NEW DELHI — Senior Aam Aadmi Party leaders Yogendra Yadav and Prashant Bhushan lashed out at Arvind Kejriwal and his core team of supporters on Friday alleging that they were being pressured to resign from the party's national council.
"There's a difference between a conditional resignation and a resignation letter," said Yadav at a press conference on Friday. "If all the five issues we have brought up are seriously tackled, we will immediately give our resignations."
The duo said they were fighting for transparency and democracy within the party, which were its founding principles, and were against the Kejriwal's attitude towards decision-making, which they alleged was dictatorial.
"I have told Arvind earlier that he has weaknesses that can destroy the Aam Aadmi Party," said Bhushan. "He doesn't want anyone who disagrees with him or tells him his way might be wrong. In fact, he claims to have never been at a place where people disagree with him."
"We need inner-party democracy, dissenters within the party who have a backbone so that they stand up for what they believe in," he said.
"Arvind doesn't want anyone who disagrees with him."
Bhushan and Yadav in the press conference said that they were bringing up issues on behalf of all the volunteers in the party who had faith in their leaders. Yadav said that he hoped these issues — as detailed in their open letter to Kejriwal earlier — were brought up for fair discussion on Saturday at the party's national council meeting.
He added that it wasn't "worth discussing" if he or Bhushan remained part of the national council. He also said that he was not interested in being the national convenor for the party and in any case believed that any decision on that should be at the discretion of the national executive.

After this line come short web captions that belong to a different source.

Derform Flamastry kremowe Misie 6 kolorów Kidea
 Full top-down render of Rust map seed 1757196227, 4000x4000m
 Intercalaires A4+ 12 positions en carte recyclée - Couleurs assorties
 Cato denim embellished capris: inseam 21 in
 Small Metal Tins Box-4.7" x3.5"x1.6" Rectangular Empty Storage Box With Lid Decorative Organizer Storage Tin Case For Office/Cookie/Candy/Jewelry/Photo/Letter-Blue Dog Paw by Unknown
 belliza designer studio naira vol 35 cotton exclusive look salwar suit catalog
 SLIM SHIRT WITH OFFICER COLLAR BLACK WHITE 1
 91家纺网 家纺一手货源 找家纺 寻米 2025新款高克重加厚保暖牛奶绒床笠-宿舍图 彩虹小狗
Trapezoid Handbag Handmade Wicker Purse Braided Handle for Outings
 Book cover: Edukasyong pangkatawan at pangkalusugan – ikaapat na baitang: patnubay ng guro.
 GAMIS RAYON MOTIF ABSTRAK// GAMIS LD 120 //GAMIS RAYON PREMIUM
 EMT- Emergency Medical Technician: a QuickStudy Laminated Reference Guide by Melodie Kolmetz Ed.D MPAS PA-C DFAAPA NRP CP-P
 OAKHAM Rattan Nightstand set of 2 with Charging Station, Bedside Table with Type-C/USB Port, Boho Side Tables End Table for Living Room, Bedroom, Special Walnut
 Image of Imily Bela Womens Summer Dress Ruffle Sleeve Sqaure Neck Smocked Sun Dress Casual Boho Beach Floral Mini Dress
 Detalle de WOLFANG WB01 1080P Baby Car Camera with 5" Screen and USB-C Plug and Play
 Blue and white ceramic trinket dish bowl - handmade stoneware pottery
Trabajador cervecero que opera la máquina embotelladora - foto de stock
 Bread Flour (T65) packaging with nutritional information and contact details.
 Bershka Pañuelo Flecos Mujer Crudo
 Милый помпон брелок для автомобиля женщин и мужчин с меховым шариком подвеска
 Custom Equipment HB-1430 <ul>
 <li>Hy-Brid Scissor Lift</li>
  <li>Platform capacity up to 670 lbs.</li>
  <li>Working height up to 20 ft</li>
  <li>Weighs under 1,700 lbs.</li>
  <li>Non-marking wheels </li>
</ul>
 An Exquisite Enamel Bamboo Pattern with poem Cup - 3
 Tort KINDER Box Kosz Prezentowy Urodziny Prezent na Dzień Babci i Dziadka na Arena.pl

Meanwhile, Bhushan said that he had sent an SMS to Kejriwal on March 16, when he was on his way back from Bengaluru after his naturopathy treatment, requesting him to meet with him or Yadav to talk about issues that had cropped up, causing a rift within the party.
"Unfortunately, in 11 days, he has not had the time to speak to us," Bhushan said. "Instead, he has sent others to us repeatedly, asking for us to resign."
While Bhushan said the process to remove him and Yadav started since the result of the Delhi elections in 2013, when Kejriwal wanted to join forces with Congress to form government. Bhushan and Yadav had opposed the move, calling for a democratic decision on this after consulting other party leaders, but Kejriwal had refused, wanting to make the decisions unilaterally, said Bhushan.
"Unfortunately, in 11 days, Kejriwal has not had the time to speak to us."
Worried that the party would become yet another regional or state party, and not follow its democratic principles that had been its hallmark, the duo said they were pushing for reforms that would make inner-party workings more transparent, and decision-makers more accountable. These include bringing the party under Right To Information purview, videotaping major meetings to keep them on record, and make processes to reach decision open and honest, they said.
"Kejriwal things if he's honest, it is enough. But the means to decision-making need to be transparent as well," said Bhushan.
"We want the party to retain its democratic and transparency tag, and we're fighting to keep its spirit alive," said Yadav.
Bhushan and Yadav, in an open letter on Thursday had accused Kejriwal of initiating the talks only to secure their resignation from the the national executive. They had alleged that he was not showing seriousness on any of the major issues raised by them.
Reconciliation talks between the two warring factions in AAP appeared to have collapsed on Thursday with Kejriwal insisting on Yadav and Bhushan quitting the National Executive, ahead of the crucial National Council meeting on Saturday.